My students taught me that although many people see the farmers' market as a place to buy food every week, to many it is an occasional curiosity, and to even more it is not on their radar screen. And when I learned that only 3 percent of food is sold at farmers' markets, I realized there is a lot of room to educate people about the value of buying local, the health benefits of fresh food, and the fun of shopping at farmers' markets.

If you are one of those people who are curious what the fuss is about with all this local food business, this book is for you.

Road Trip Research

I decided to explore the dynamics that feed a hungry audience, and I mapped out the middle of the country. With diligent research and a little throwing of a dart at a map, I embarked on a journey to learn about farmers' markets and food in the Midwest.

My process was carefully orchestrated and the most fun I have ever had. First, I scouted the best locations with tips from slow Food friends, regional food and agriculture writers, even Facebook and twitter. I scheduled market visits with the help of a spreadsheet that noted each market's days and hours, a dog-eared road atlas, and my trusty GPS system, nicknamed Sally.

And then I took to the road.

My road trips typically began on a Thursday, when I would stash a cooler in the trunk of my red Mustang and head to an afternoon market. The next day I would find a Friday market and sometimes visit a farm. I would get to bed early so as to arrive at my first Saturday market at the opening bell. After as many as four markets on a Saturday, I would then head back to Chicago to sift through my notes and photos, schedule follow-up interviews, and conduct additional research with organizations that advocate for small farms and local food.

I met people saving livestock breeds recently slated for extinction, along with farmers growing heirloom fruit and new varieties of vegetables. I found artisans making cheese and bread and jam. One farmers' market had a festival-like atmosphere, with live entertainment, locally roasted coffee and artisan pastry, chef demonstrations every hour, all in the friendly confines of a leafy park. Moms with strollers mingle with chefs in white jackets or in unshaven incognito. Other markets were more utilitarian, on asphalt with easy parking. Today, if you are interested in food, you are at the farmers' market.

The first thing I learned in researching this book is that people are passionate about their farmers' markets, that just about everyone believes that their producers are the most talented, taste-focused growers. People love their farmers almost the way they love their children and the way my father loves the Michigan State Spartans.

I met elk ranchers, heirloom orchard owners, young twentysomethings in their first season of farming, and growers on their great-great-grandfather's farm at the market with their grandchildren, telling me about six generations devoted to the land. I met fellow farm groupies who shared my emotional attachment to their growers. Again and again, I was warned that I would be missing out if I did not see this market or visit that farm. And I was warmed by the passion, devotion, and dedication that all these people felt. I would introduce myself to one producer, and within minutes people were tapping my shoulder to tell me about a course on food policy or a farm stand on the way to the interstate.

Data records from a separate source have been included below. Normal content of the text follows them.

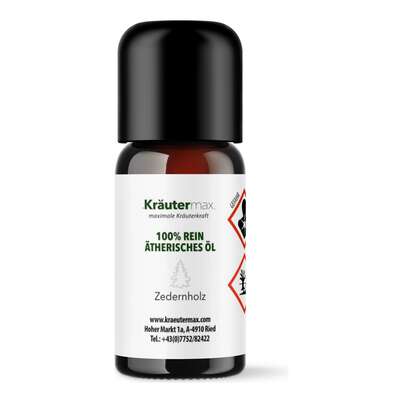 Sie sehen eine Packung Zedernholz Öl 10 ml, Produktbild: 01 Zedernholz Öl 10 ml, A-Nr.: 4732177 - 01
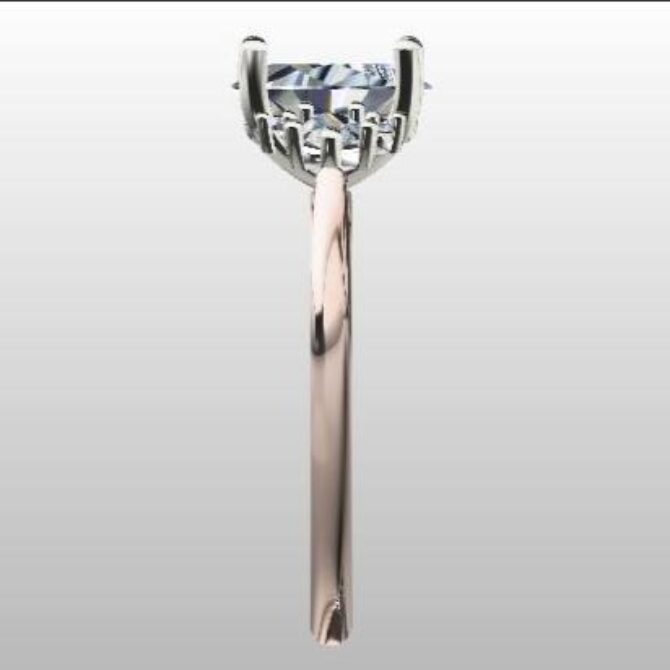 Custom made oval cut three stone engagement ring SB2683 quick image 04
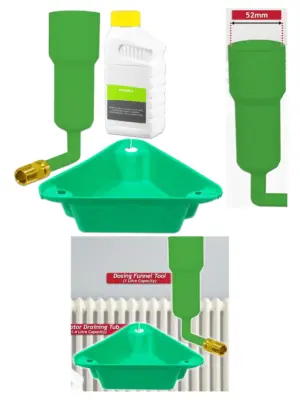 500ml Central Heating Inhibitor with Radiator Funnel & Drain Tube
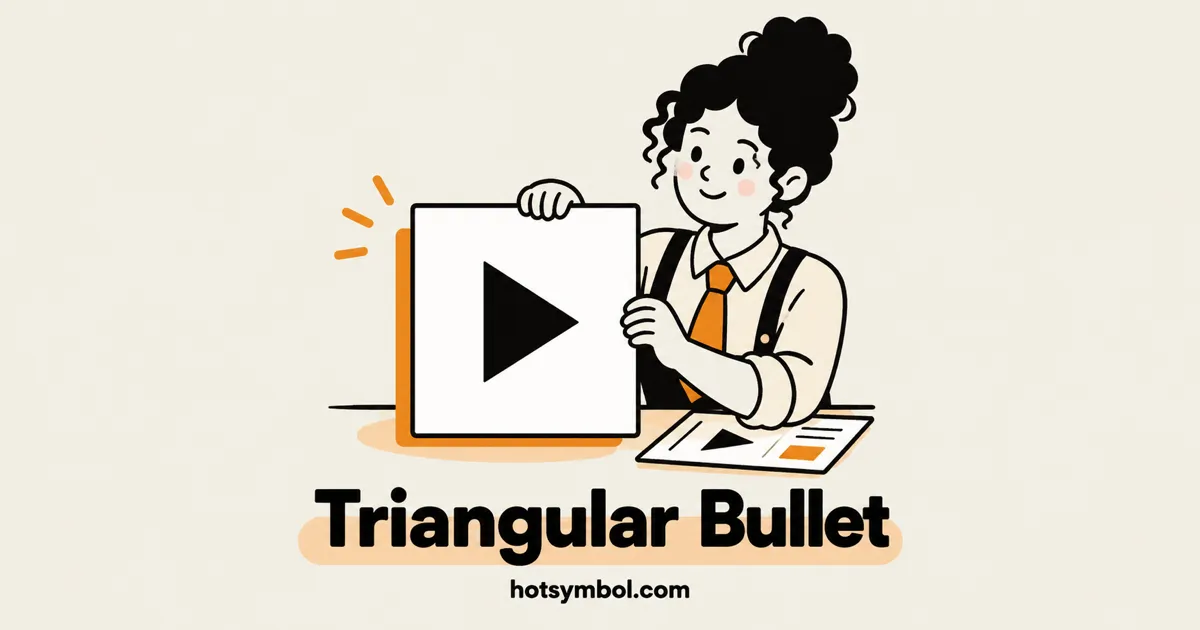 Illustration of the Triangular Bullet symbol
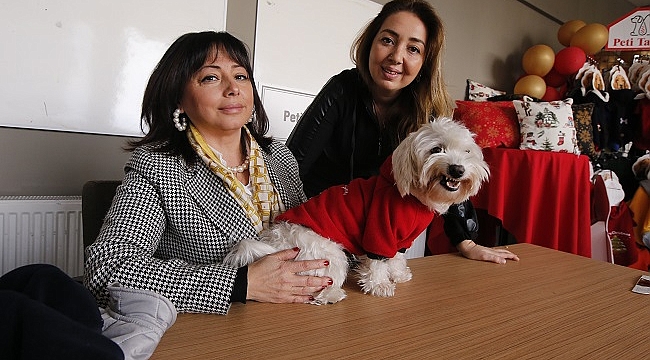 Köpek kıyafeti üreten atölye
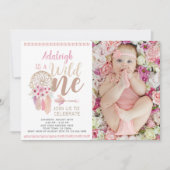 Wild One Girl Geburtstag Einladung mit Foto (Vorderseite)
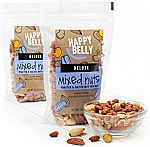 2-Bags of 1-lb Happy Belly Deluxe Mixed Nuts (cashews, almonds, Brazil nuts, pecans, and hazelnuts) $11.44 or Less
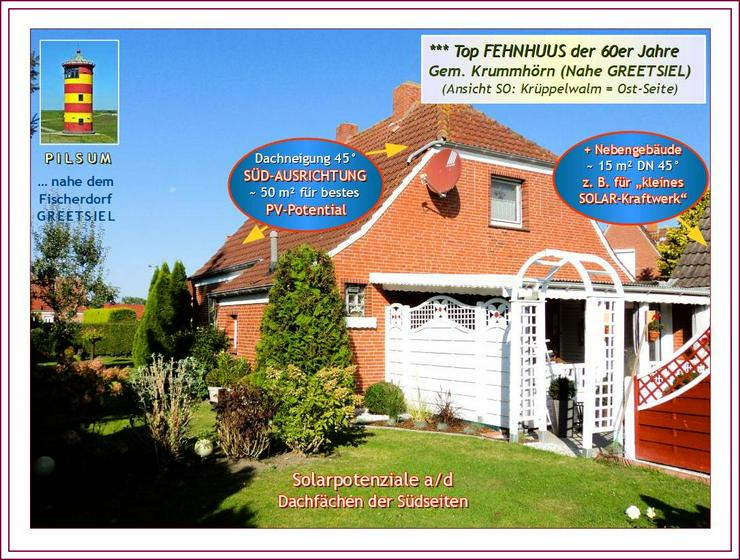 Bild 2: KÜSTENNAH a/d NORDSEE von privat: ein EFH "FEHNHAUS“. Saniert & moder­nisiert mit Garage, NeGeb. auf großem Grdst.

In Minnesota I learned about rural food deserts, in Milwaukee about small-scale urban agriculture. I ate cherries in Michigan, popcorn in Indiana, and pie everywhere. I felt uplifted every time I got back into the car, but always wistful about that person I did not meet.

My goal here is to present this book as a kind of album, a collection of stories that together represent a snapshot of farmers' markets. I hope you will embark on your own adventure and gather your own collection of growers.

The Backstory

Farmers' markets are a powerful force, given that less than 3 percent of our nation's food is sold there. It is worth taking a look at how we got to this place where the market is the new town square, the place where chefs solidify reputations, where food politics are debated.

Selling direct to consumers used to be the norm, even before the influx of Europeans transformed this continent to an agrarian nation, when it was populated with Indian tribes who traded extensively with each other. In The Farmers' Market Book: Growing Food, Cultivating Community, authors and farmers Jennifer meta Robinson and J. A. Hartenfeld tell about a native American Indian market near what is modern-day St. Louis. The settlement was at its height between the years 1000 and 1150 and had ten thousand to twenty thousand residents. Archeological records of the site indicate evidence of extensive trade.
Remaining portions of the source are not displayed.